[INPUT]

*** Begin section ***

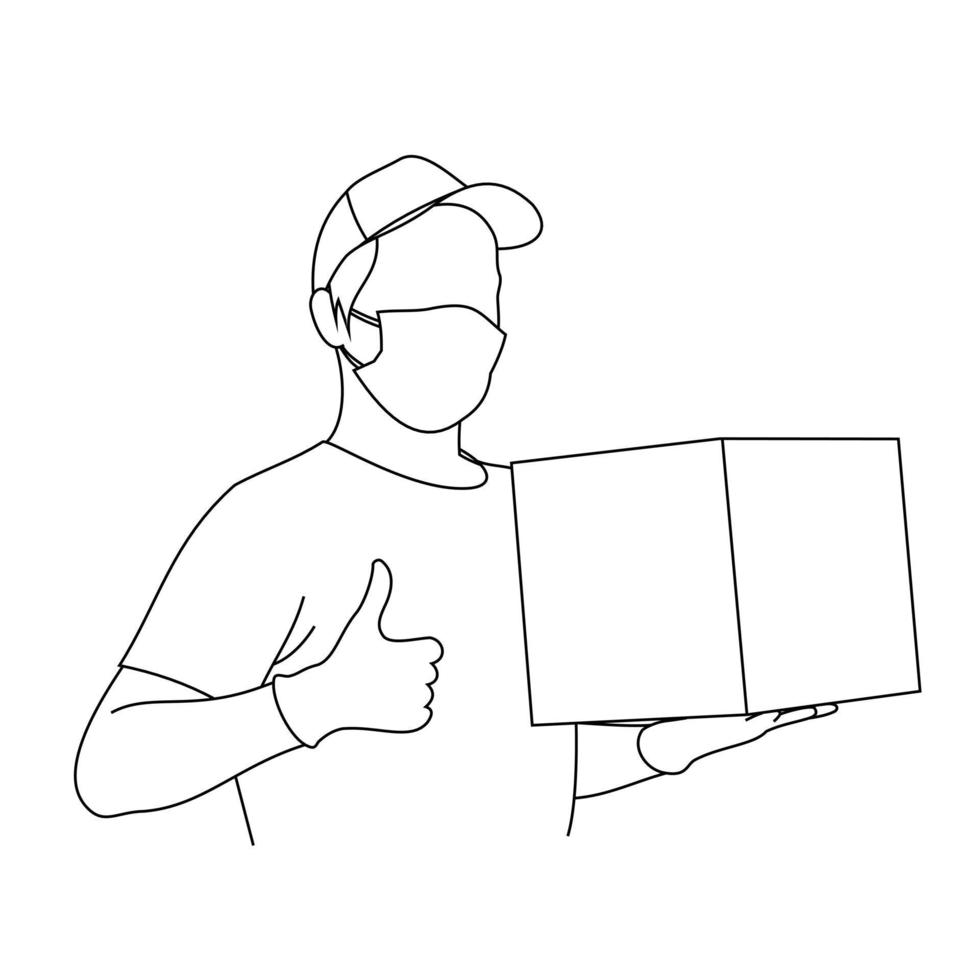Illustration line drawings a male courier in t-shirts holding a cardboard while standing. Delivery couriers bring cardboard boxes on shoulders or arm. Carrying packages while gesturing thumb up sign vector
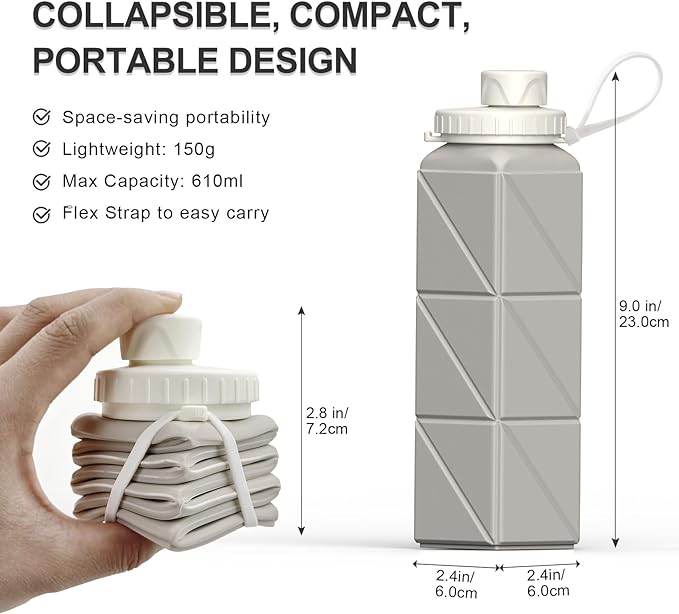 Collapsible Water Bottles 20.6oz, Silicone Foldable Portable Travel Water Bottle, Folding Lightweight Reusable Leakproof for Traveling Camping Hiking Cycling Yoga Sports Outdoor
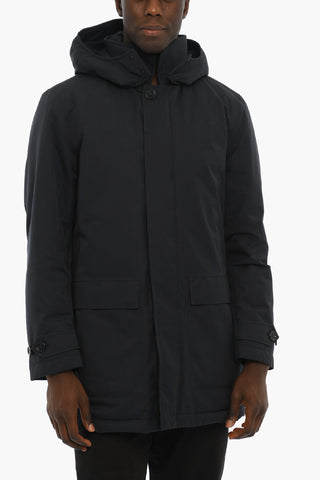 Solid Color Down Jacket with Removable Hood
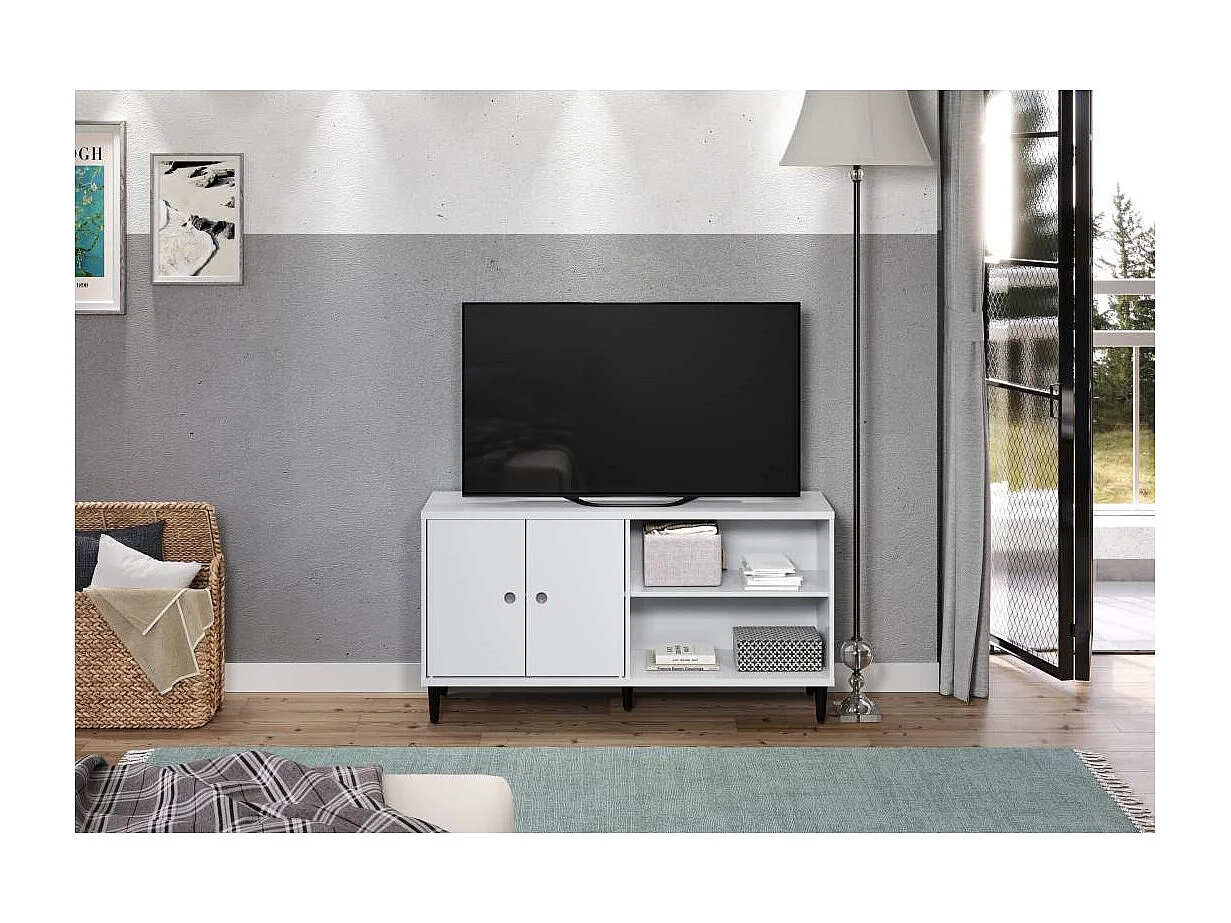 Evolution TV-meubel 2 deuren, 2 planken wit, zwart.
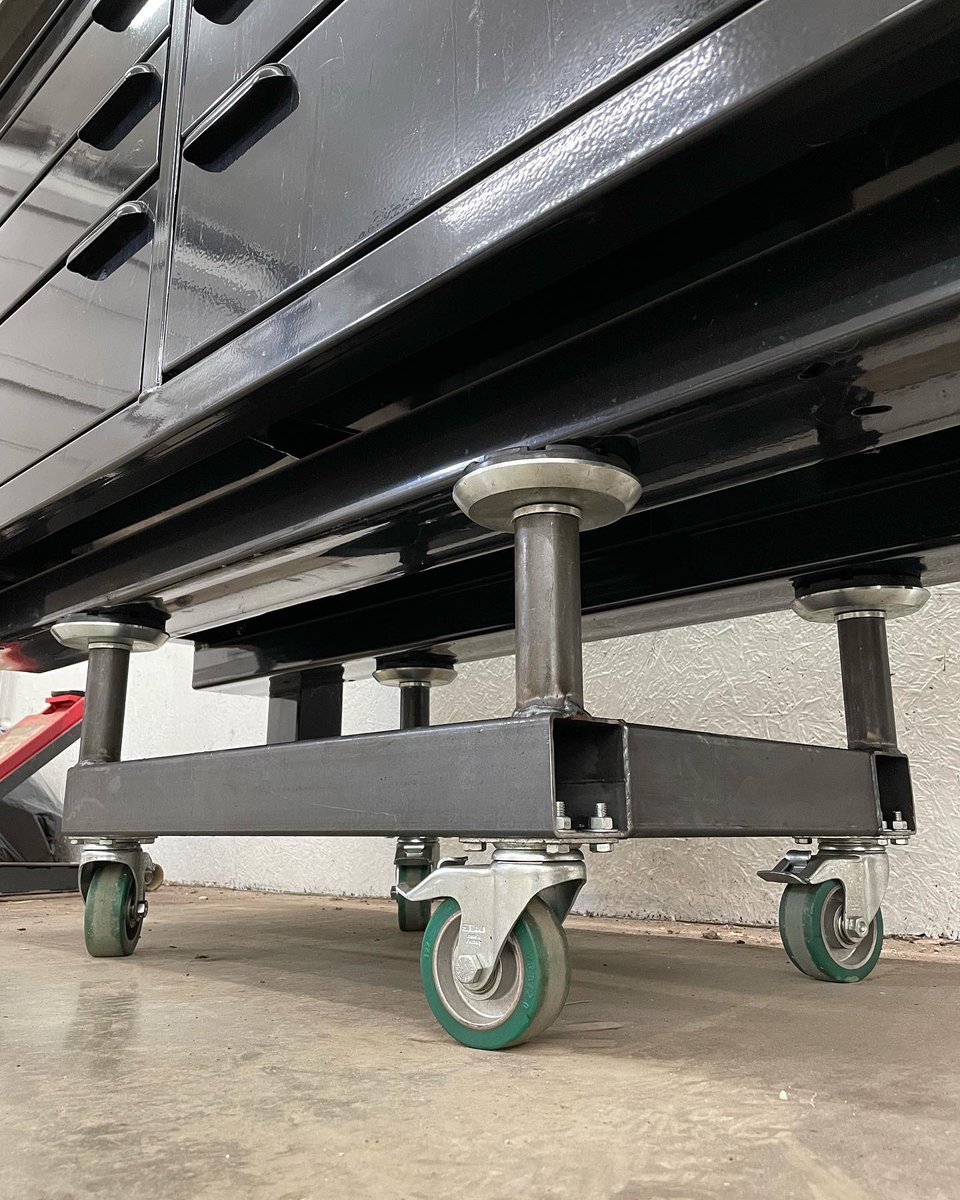 EricTheCarGuy's tweet photo. I love this cart! It saved so much time and effort moving my @BadassWorkbench which, loaded with tools, weighs as much as a Honda Civic. BTW it rolls just as easy as it did with the subframe on it. #etcgshop #genius #moving #homemadetools #badassworkbench https://t.co/EXXyjbtBh4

*** End section ***

[WHAT IS NEEDED] Set down exactly, and only, the lines from the one containing "Evolution TV-meubel 2" through the last line of the entries. Pictures do not belong in the copy.

[EXPECTED ANSWER]
 Evolution TV-meubel 2 deuren, 2 planken wit, zwart.
 EricTheCarGuy's tweet photo. I love this cart! It saved so much time and effort moving my @BadassWorkbench which, loaded with tools, weighs as much as a Honda Civic. BTW it rolls just as easy as it did with the subframe on it. #etcgshop #genius #moving #homemadetools #badassworkbench https://t.co/EXXyjbtBh4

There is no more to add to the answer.